### Prompt
Exact copies of all the lines below are needed, without the pictures.

### Dataset section
..............................

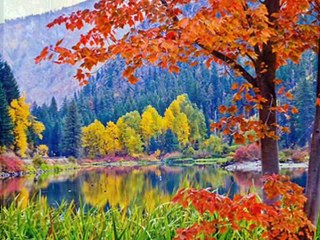 LAJSO - Mea maxima culpa (1974)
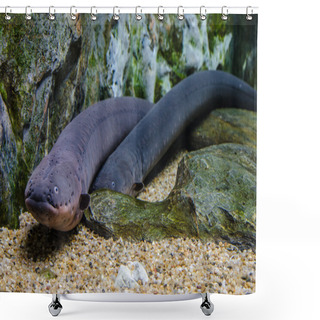 Personality  Electric Eel In Aqua Shower Curtains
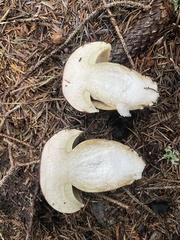 Boletus pinophilus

..............................

### Written solution
 LAJSO - Mea maxima culpa (1974)
 Personality  Electric Eel In Aqua Shower Curtains
 Boletus pinophilus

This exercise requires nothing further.